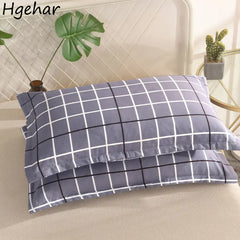 Kissenbezug - Baumwolle Kariert - 48*74 cm für Schlafzimmer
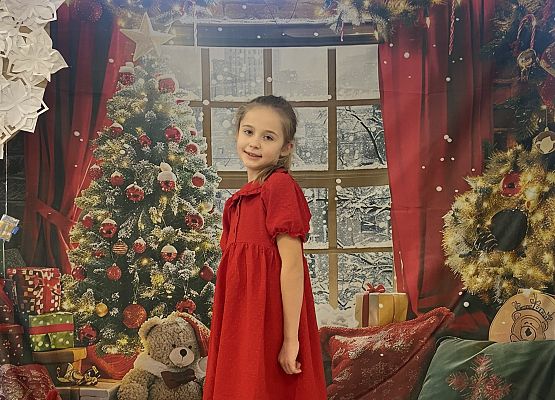 Grafika 28: Wigilia w klasie I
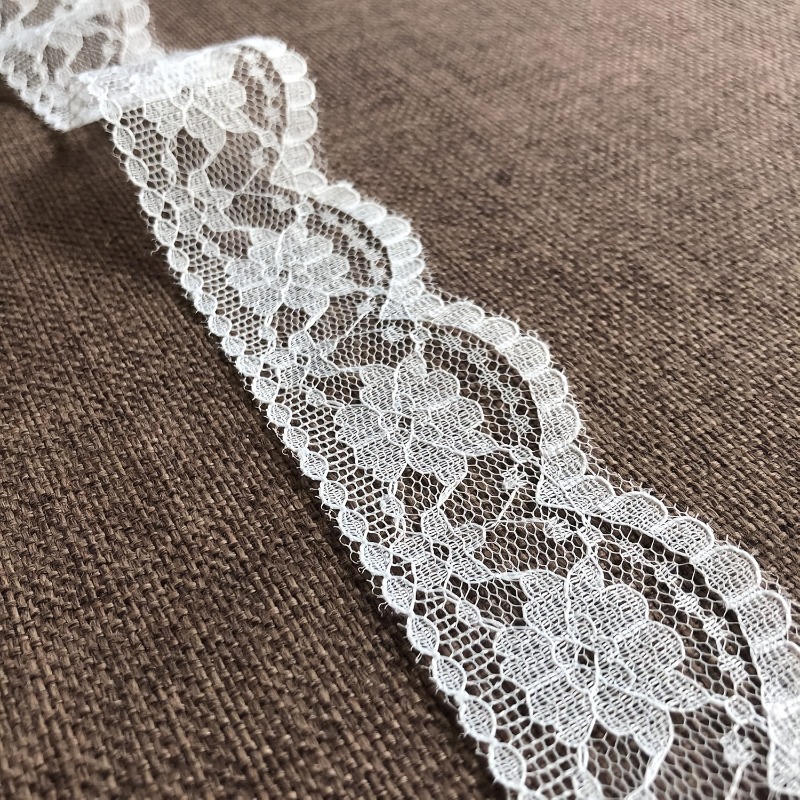 TEMU Cinta de encaje con , 14 yardas/rollo, adecuada para decoraciones de boda , proyectos de costura y manualidades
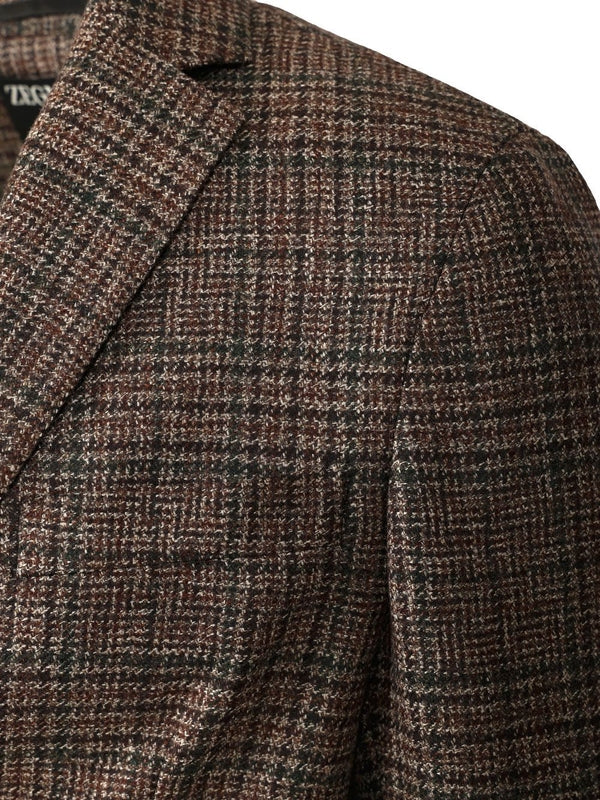 Ermenegildo Zegna Brown Tailored Jackets - Image 4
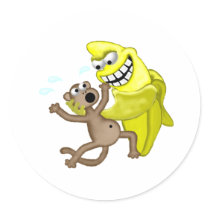 bad banana stickers by pattycake bad banana stickers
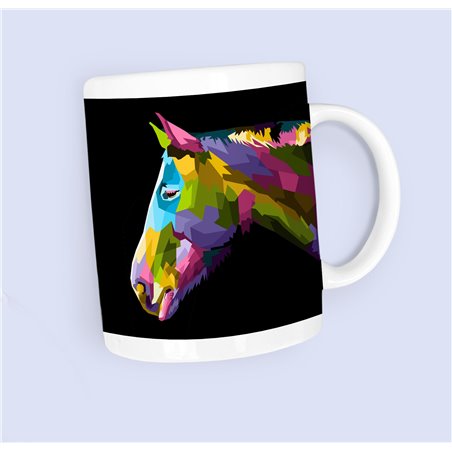 Tech  11oz mug -  Horse (16)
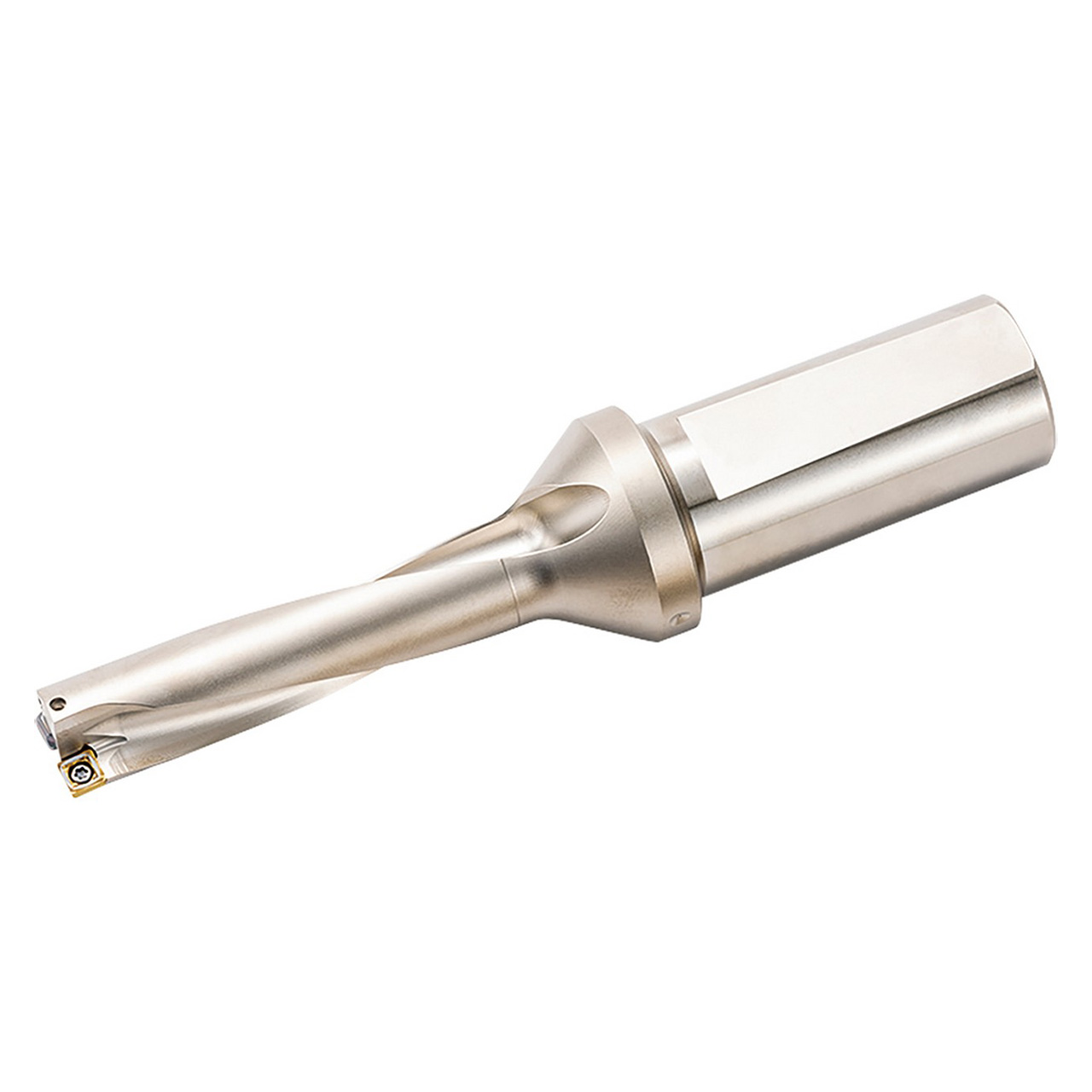 Kyocera Precision Tools THD11686 | S32DRV290M409 1.142" Diameter x 4.567" Usable Length 2 Flute Steel Indexable Insert Drill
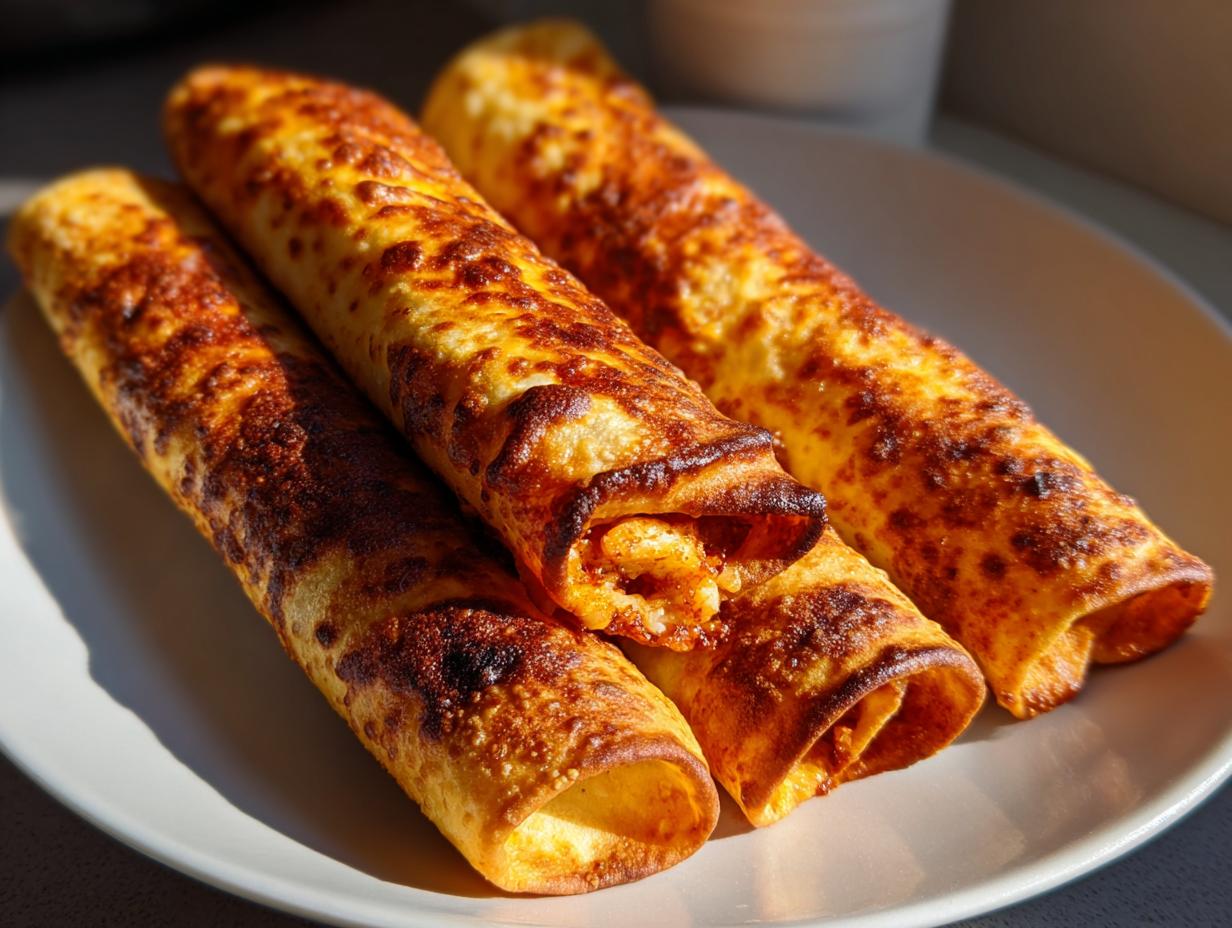 35 Minute Crispy Chicken Taquitos Magic 4 Crispy Chicken Taquitos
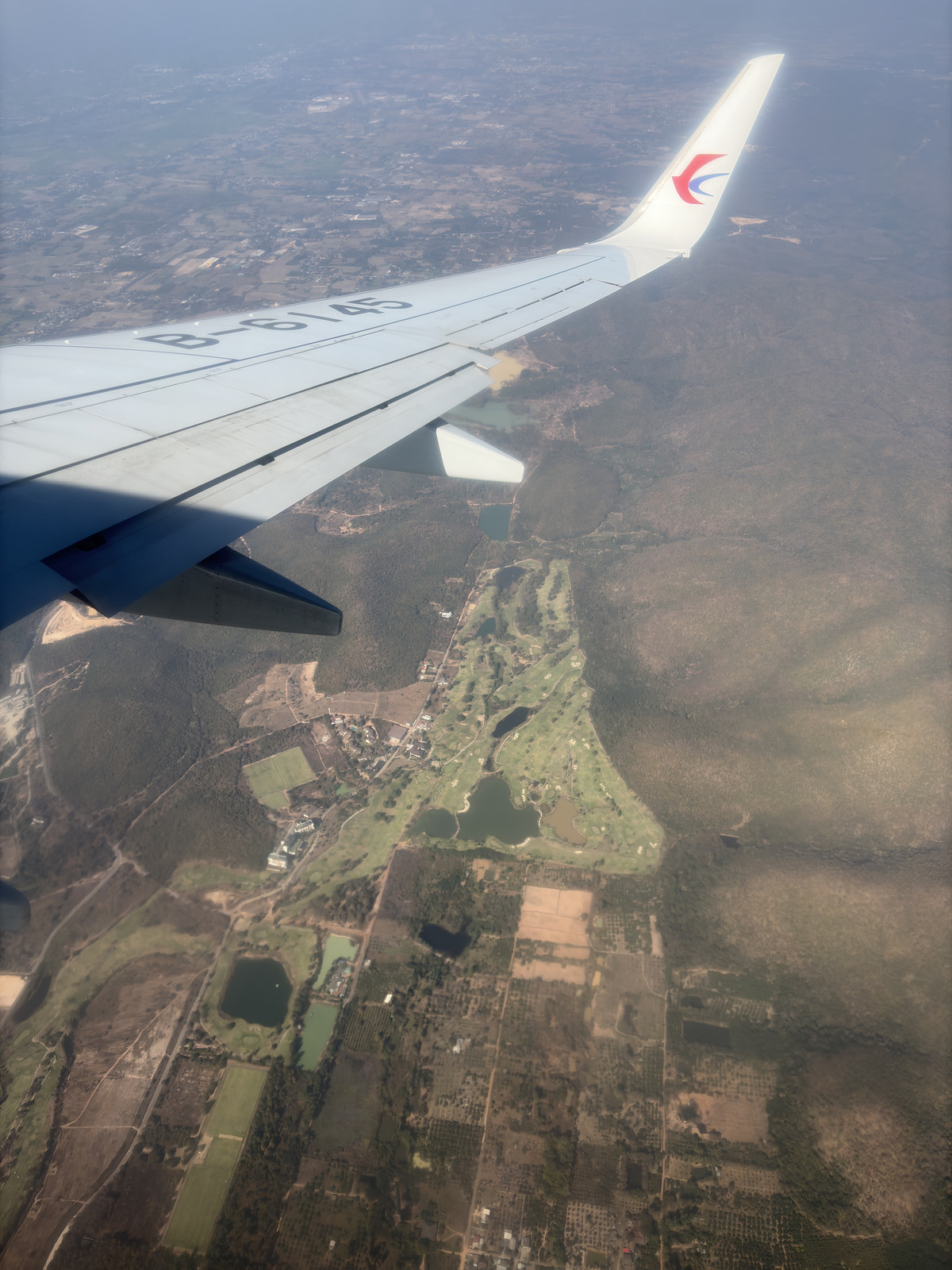 Picture Thailand Chiang Mai From the sky 2026-01 1 - Flights From the sky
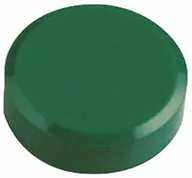 Magnesy - Maul Facetterand MAULpro, Magnesy okrągłe, nietłukące tworzywo sztuczne 0,6 kg zielony 6177155 - miniaturka - grafika 1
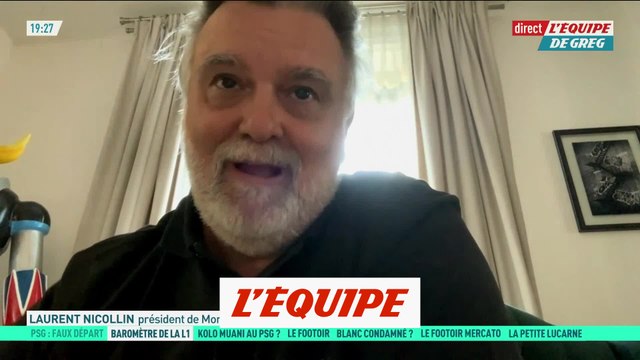 Laurent Nicollin : « Il faut essayer d'être plus intelligents que les autres » - Foot - L1 - Montpellier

++++++++

_GOAL OF THE EXERCISE_.
From the line with "Magnesy - Maul" through the last line of the entries above, transcribe everything exactly, both ends included, but not the pictures.

_RESPONSE AREA_.
 Magnesy - Maul Facetterand MAULpro, Magnesy okrągłe, nietłukące tworzywo sztuczne 0,6 kg zielony 6177155 - miniaturka - grafika 1
 Laurent Nicollin : « Il faut essayer d'être plus intelligents que les autres » - Foot - L1 - Montpellier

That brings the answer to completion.